[本文]

国・地域名:
英国
元記事の言語:
英語
公開機関:
下院科学・イノベーション・技術委員会
元記事公開日:
2026/07/07
抄訳記事公開日:
2026/08/18

科学外交:主権、戦略、世界的な競争

Science diplomacy: Sovereignty, strategy, and the global race

本文:

(2026年7月7日付、英国議会下院科学・イノベーション・技術委員会の標記報告書の概要は以下のとおり)

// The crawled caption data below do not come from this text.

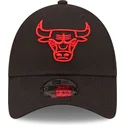 mutsid-kumer-must-reguleeritav-9forty-neon-outline-chicago-bulls-nba-new-era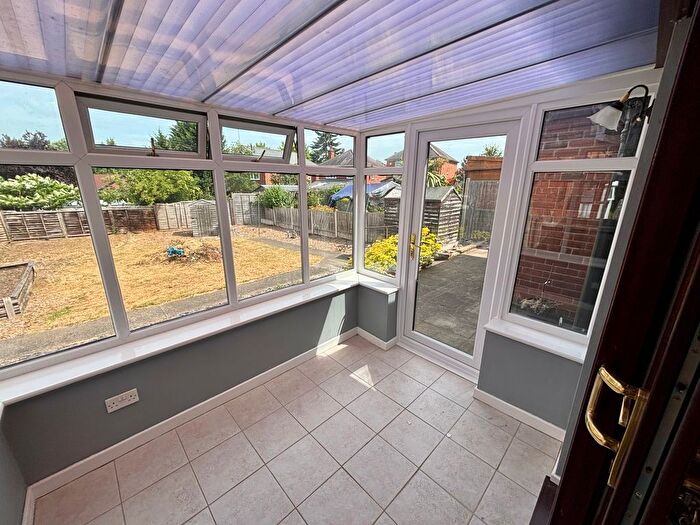 2 Bedroom Bungalow To Rent In Kitling Greaves Lane, Burton-On-Trent, DE13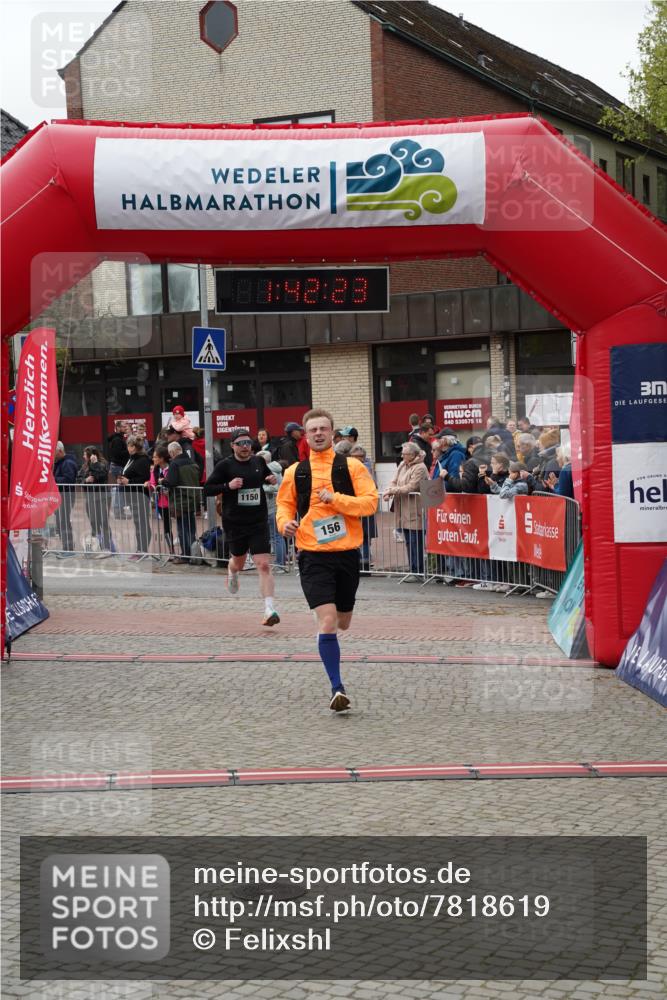 04.05.2025 - 8. Wedeler Halbmarathon Felixshl http://msf.ph/oto/7818619 04.05.2025 11:42:21 Ziel 156, 157, 258, 1150 meine-sportfotos.de
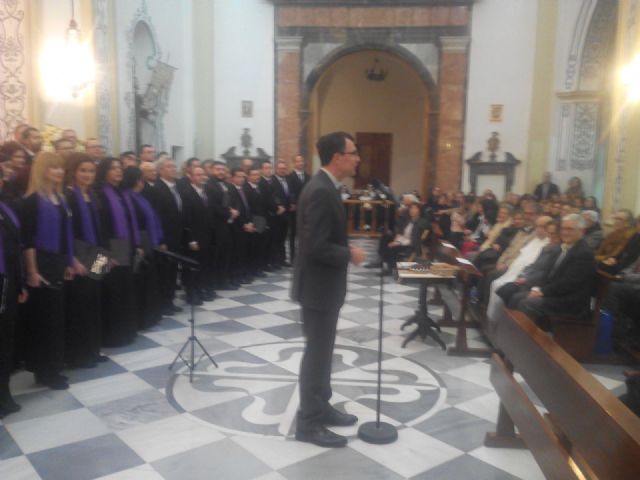 El Alcalde, nombrado presidente de honor de la Coral Discantus por su sensibilidad, cultura y amor hacia la música - 1, Foto 1
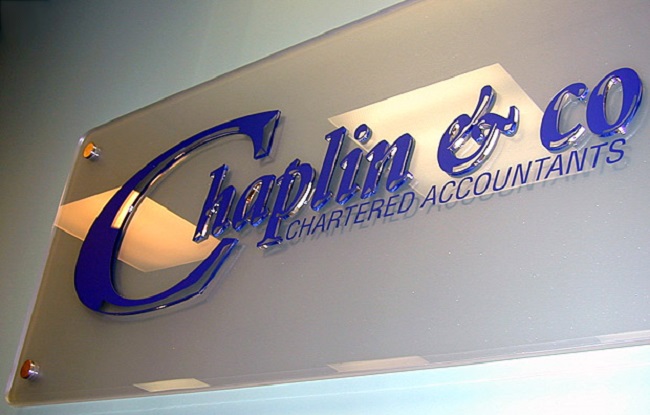 bien-phong-ban-bang-kinh Biển quảng cáo mica công ty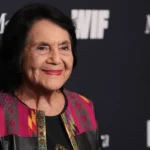 Muere Dolores Huerta, la histórica líder latina que convirtió la lucha laboral en resistencia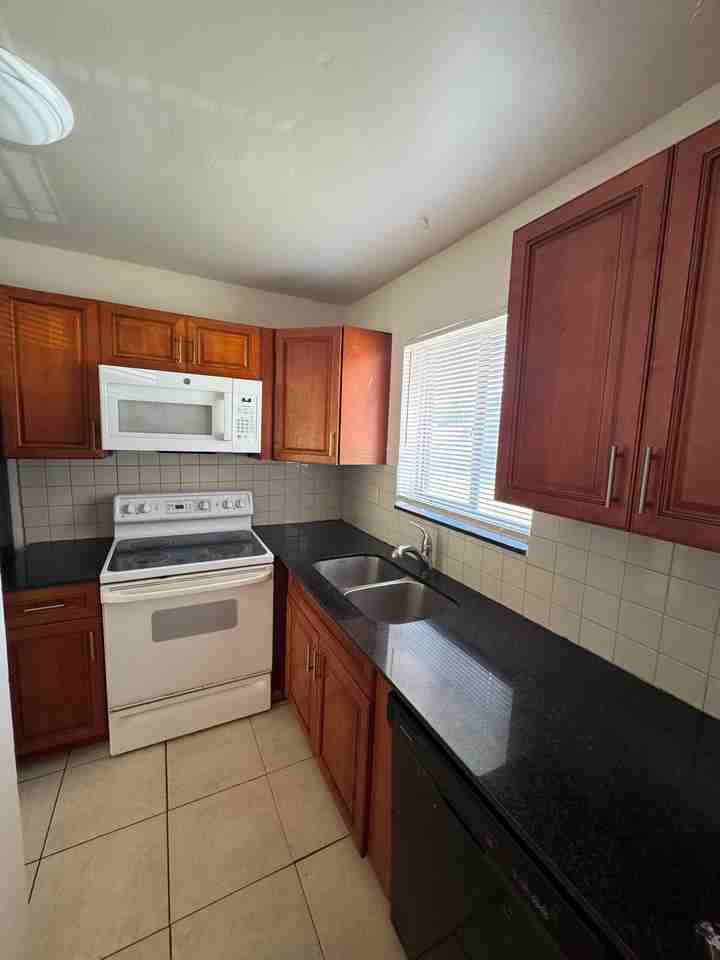 932 West Kalmia Drive #3 - Photo 4 of 12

近年、地政学的情勢が一変している。ウクライナや中東での戦争、そして米国政権が確立された規範を繰り返し覆してきたことが、同盟関係の分断を招いている。急速な技術の進歩と相まって、このことは科学外交の重要性をかつてないほど高めている。英国は科学外交において大きな野心を抱いているものの、歴代の英国政府は変化のスピードについていくのに苦慮してきた。特に米国が影響力を縮小させる中、科学技術分野の人材を呼び込もうとする取り組みには意欲が欠けている。また、研究開発支出への援助削減は、世界の保健衛生や科学的発見を支える投資からの近視眼的な撤退となりかねない。米国とのライフサイエンス分野における合意は、自国の同分野を優位に立たせようとするトランプ政権の意向によって推進されてきた。革新的な新薬への支出拡大は英国の患者にとって有益となり得るものの、英国の医療予算の枠内でそれらの費用をどのように賄うのかについては、依然として不透明なままである。
本報告書は、政府の科学技術外交の取り組みについて、主要な戦略的目標として「技術主権」が掲げられているという文脈をふまえ、包括的に検討することを目的としている。科学外交を成功させるためのいくつかの重要な要素について検討し、政府が包括的な戦略を策定・提示することを推奨した。政府はその際、優先すべきパートナー、技術、目指すべき成果を明確に定義し、それらがより広範な目標とどのように整合するかを示す必要がある。
英国は、世界トップクラスの科学や初期段階のイノベーションを生み出す点において長年にわたり強みを有してきたが、それらを、世界をリードする企業へと成長・拡大させることには、しばしば苦戦してきた。専門ファンドの不足、成長段階における主導的な投資家の不在、さらには英国市場の規模といった構造的な問題により、多くの有望な科学技術上の画期的成果が海外で事業化されている。
このような戦略の欠如や商業化能力の限界に加え、国際連携に対する英国の伝統的な開放的姿勢に見合うだけの、関連リスクを管理する強固な枠組みが整備されてきていない。また、研究セキュリティに関する政府の方針は、現時点では、英国の知的財産を保護し、敵対的な主体による悪用から研究を守るために十分明確かつ実効性のある枠組みとはなっていない。UKバイオバンクにおけるセキュリティ上の不備は、研究・イノベーションをめぐる連携が悪用に対して脆弱であることを露呈させた。しかし、政府が現在とっている「主体を問わない(actor agnostic)」アプローチは、大学部門が抱える根深い構造的課題に対処しつつ現場でリスク管理を担う研究者に対し、明確かつ実践的な指針を提示するまでには至っていない。
我々は、科学、および外交においては最上位のリーグに属しているが、明確な戦略と政府横断的な調整を欠いているために、科学外交においてどの位置に立っているのかは不明である。